Ok this will take a while but I will edit this post with the info, just letting you know i am working on getting what information I can for you.

EDIT:

My PC:
OS: Windows 7 Professional (32-bit)
CPU: AMD Athlon 64 X2 Dual Core Processor 5000+ 2.60GHz (OC'd to 3.13GHz)
Motherboard: MSI 790XT-G45
RAM: 4GB(3.31GB Usable)
GPU: EVGA NVIDIA GeForce GTX 460 (OC'd)

A couple of preliminary notes:
Windows 7 (64-bit) has compatibility issues with FFXIV. I specifically upgraded from Windows XP to 32-bit Windows 7 for this reason. If your running 64-bit you need to make sure that you are running FFXIV in WoW64 (Windows 32-bit On Windows 64-bit). Typically Windows will do this automatically, assuming it installed correctly. As far as my PC knowledge of the emulation of 32-bit applications on a 64-bit enviroment goes, that is about it. For more information you would have to research that yourself.

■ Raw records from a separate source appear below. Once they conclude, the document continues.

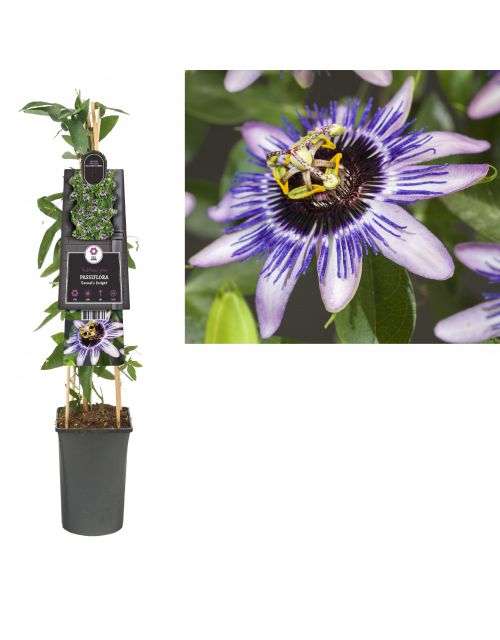 Klimplant Passiflora Damsel s Delight  75 cm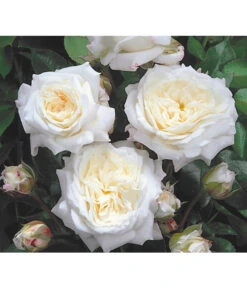 Edelrosen-Mix 'Nostalgie®' 20 Edelrosen-Mix 'Nostalgie®' -Biohort Verkäufe 7800063 BildD 001 EdelrosenNostalgieMixNostalgieRosenTantauRet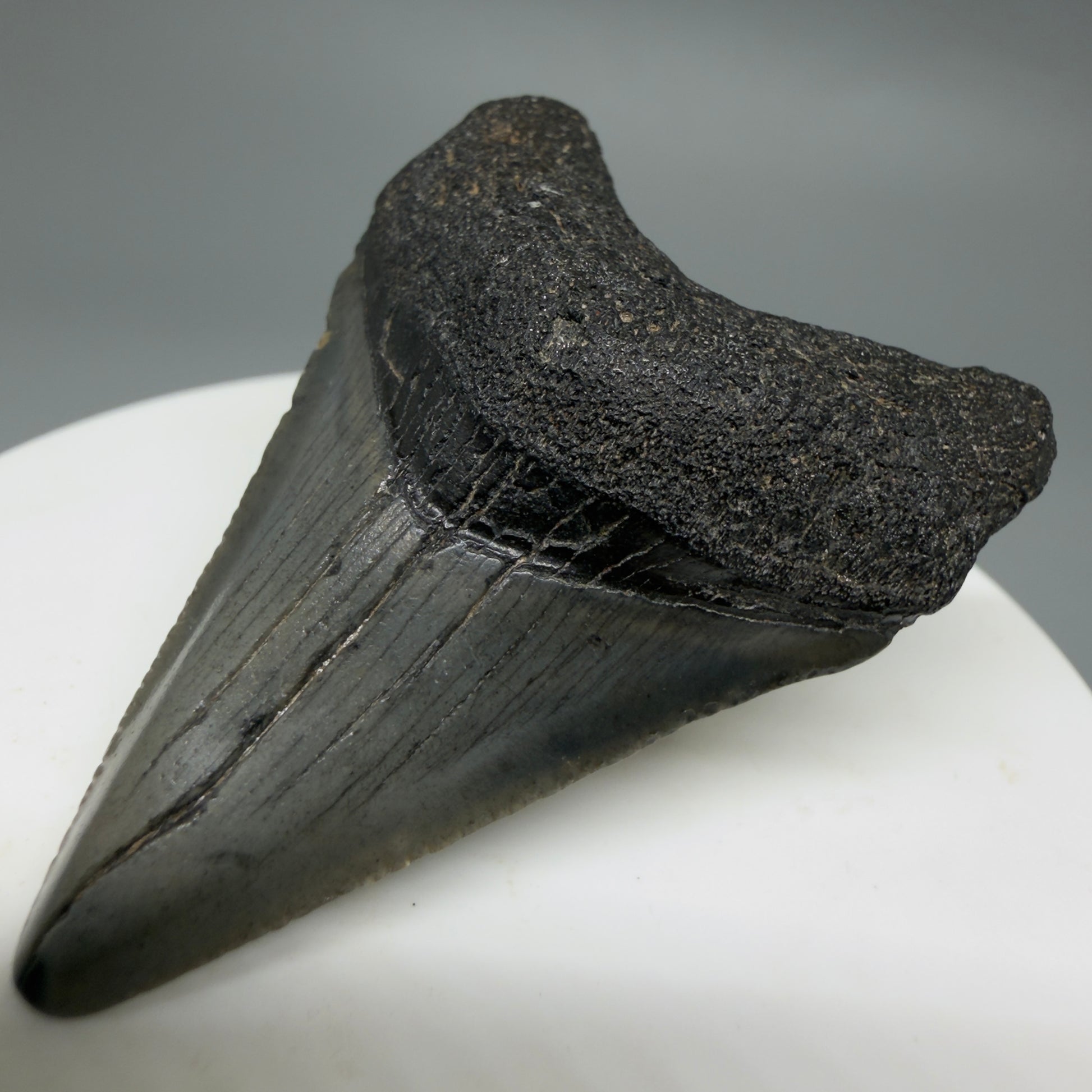 Front Right View Affordable 1.95" Colorful Fossil Megalodon Tooth – South Carolina River Find | Authentic CM6210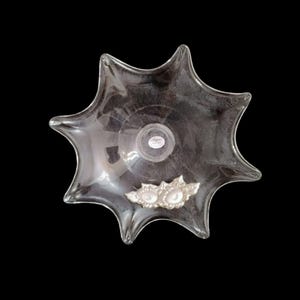 新品 イタリア製 銀製 写真立て Arval Argenti Valenza社製 Argenti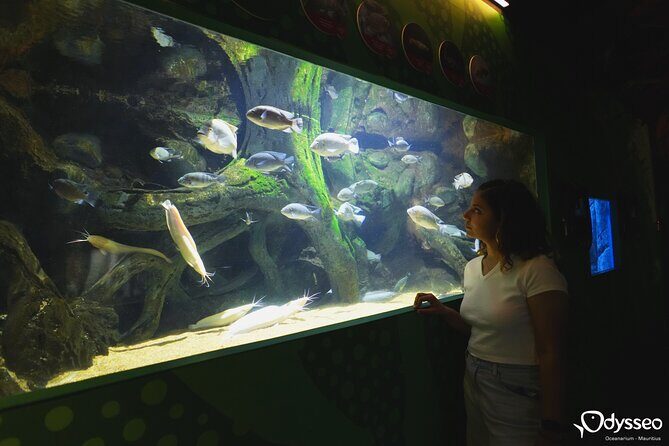 Ticket to the largest Oceanarium of the Mascarene Islands - How the one- to two-hour timing works on-site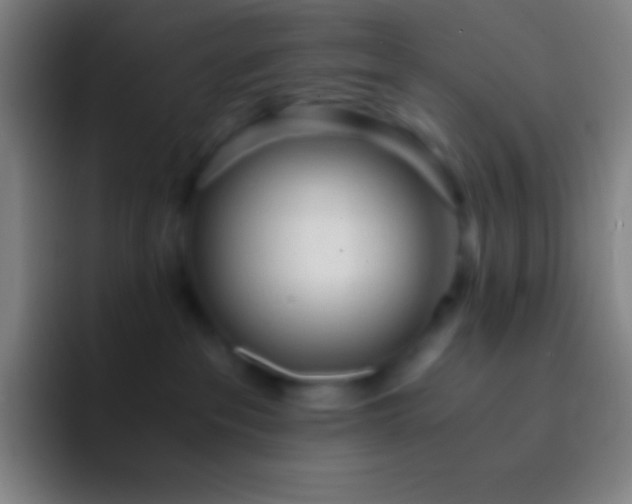 X0000092330237200709211313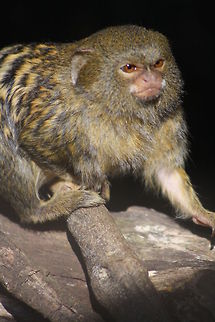 Pygmy Marmoset  Cebuella pygmaea,Pygmy marmoset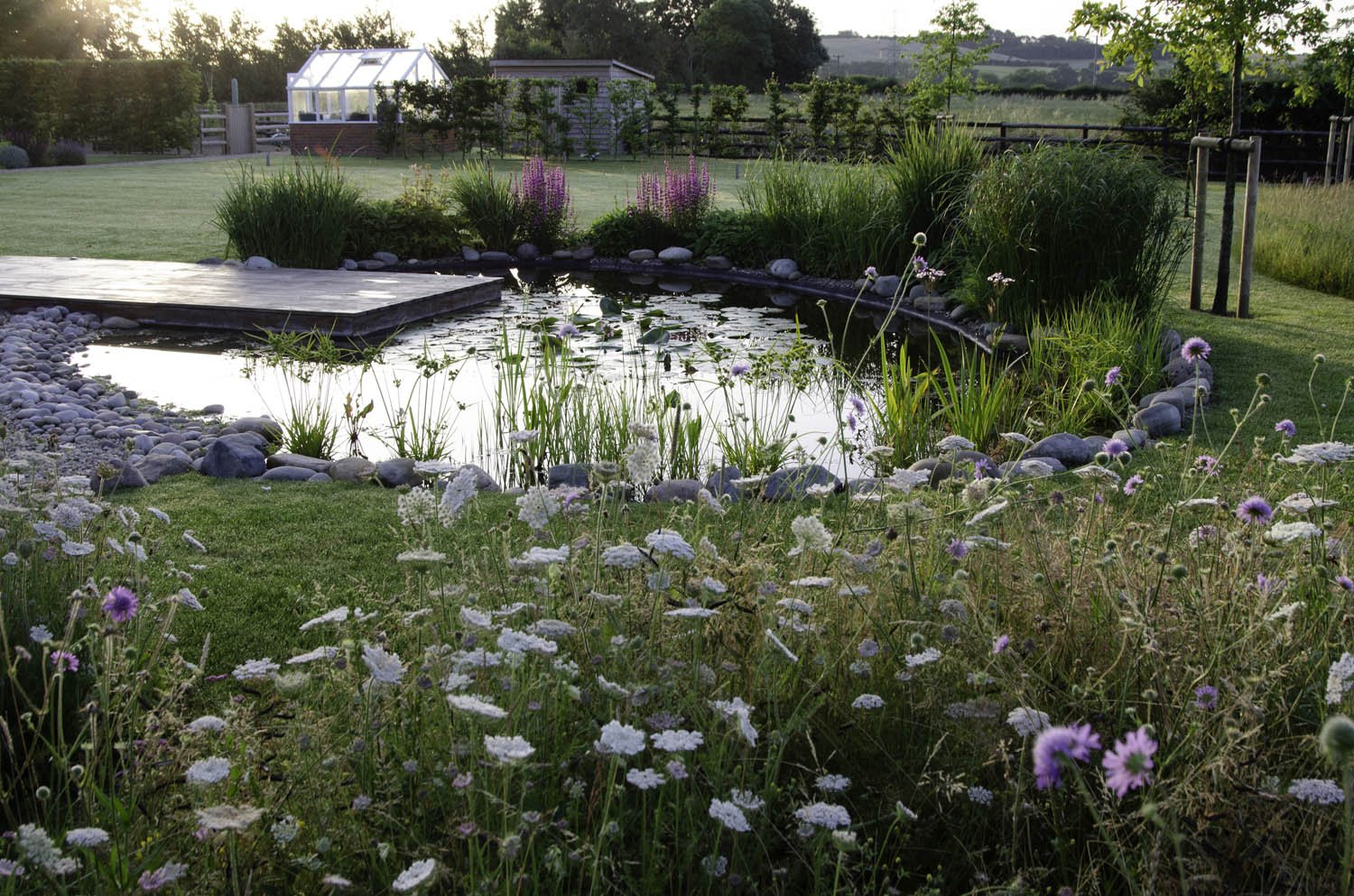 Sarah-Naybour-Garden-Design-THE-PADOCK-GREEN-20.jpg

As far as TCP/IP tweaks for Windows 7, here is a few suggestions that may alliviate some connectivity issues.

WARNING!!! DO NOT IMPLEMENT ANY OF THE FOLLOWING CHANGES TO YOUR TCP/IP SETTINGS UNLESS YOU KNOW WHAT YOUR DOING! CHANGES TO YOUR REGISTRY MAY CONFLICT WITH OTHER APPLICATIONS YOU USE! I AM NOT RESPONSIBLE IF YOU MESS UP YOUR REGISTRY INFO. LOL.

The following should be executed in elevated command prompt (with admin priviledges).

Disable Windows Scaling heuristics
Windows Vista/7 has the ability to automatically change its own TCP Window auto-tuning behavior to a more conservative state regardless of any user settings. It is possible for Windows to override the autotuninlevel even after an user sets their custom TCP auto-tuning level.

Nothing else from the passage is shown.